Anna Ross: We must educate, not alienate *H&H Plus*


  • I fully support the sentiments of Carl Hester and Laura Tomlinson in their recent columns regarding online bullying. Real horse welfare concerns should be reported to British Dressage, but it should be remembered that some people feel simply riding a horse is abuse, some adamantly argue that the use of bits is cruel, while to others, riding a horse 1cm behind the vertical is tantamount to assault. There are many viewpoints.

    Riders and trainers can best prevent unintentional horse abuse via education. Alienating riders by “naming and shaming” leaves the impression that this tactic is used to emphasise a person’s own virtue, rather than trusting their own performance to highlight the effectiveness of their training philosophy.


    Impressive riding

    The recent Addington Premier League show had a huge grand prix class with more combinations than ever before coming forward. Sadie Smith impressed with her lovely British-bred Keystone Dynamite, and at small tour Dannie Morgan was a class act with the gorgeous Knoxx’s Figaro, gliding through the trot work.
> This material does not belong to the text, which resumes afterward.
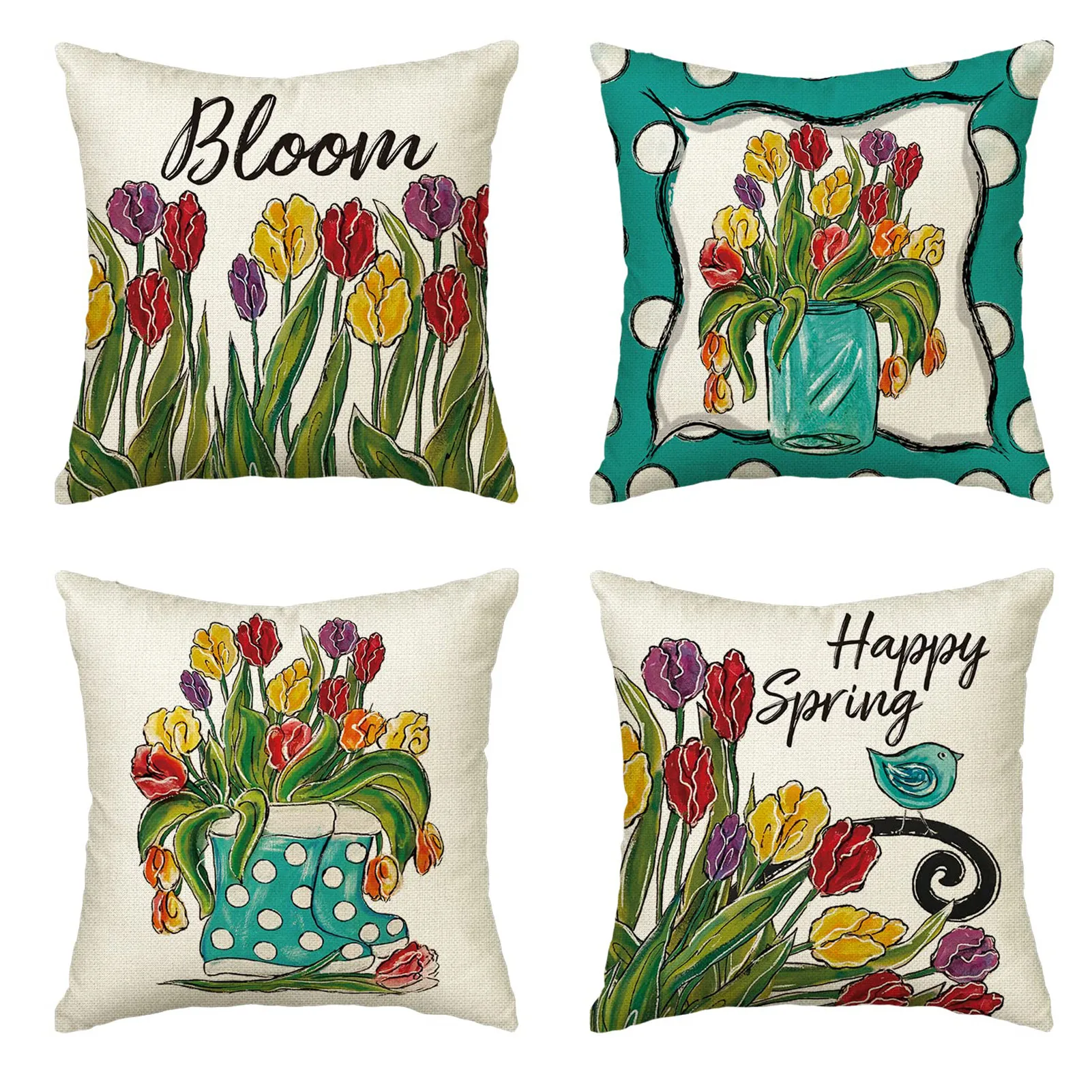 

45x45cm Square Linen Pillow Case Spring Farm Home Decoration Cushion Cover Pink Flower Printed Pillow Cover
    It was great to see former young rider team members out in force and impressing. Alex Harrison rode with great feel in the grand prix, asking just enough of his young horse, while Anna Jesty came second to Charlotte Dujardin at prix st georges (PSG).

    There was plenty of action in the warm-up, too — my right-hand woman Beth Bainbridge was dispatched very efficiently by an over-fresh Habouche, before going on to achieve a top-four PSG placing.

    I enjoyed watching the developing horses in the grand prix, but had another sharp reminder of how differently people view our sport. My friends and I were treated to a loud and uncomplimentary commentary from an onlooker sitting behind us in the stands. The details of each rider’s test were dissected and a strong critique administered; even our double gold Olympic medallist was not spared the rod.

    I watched rider after rider gamely go down the centre line, blissfully unaware that our eagle-eyed evaluator was apparently spotting details that even our highly qualified judges had failed to pick up on, and that she felt duty-bound to relay these to all those around her. Such was her dedication to excellence that our top critic didn’t waste time in the class break.

    “I need to learn my test, I’m competing tomorrow,” she declared, and asked one of her disciples: “Could you get my copy of intro C from the boot?”

    A united front

    Few in dressage want to raise their heads above the parapet for fear of repercussions either on social media or via their results, but as we are asked to justify our sport’s place in the Olympics, our practices will come under scrutiny. Therefore, we should present a united, positive sport with our love of the horses at the centre.

    The benefits to mental health of spending time outdoors in nature are becoming widely known — let’s not waste our opportunity to make the most of this by in-fighting and bullying.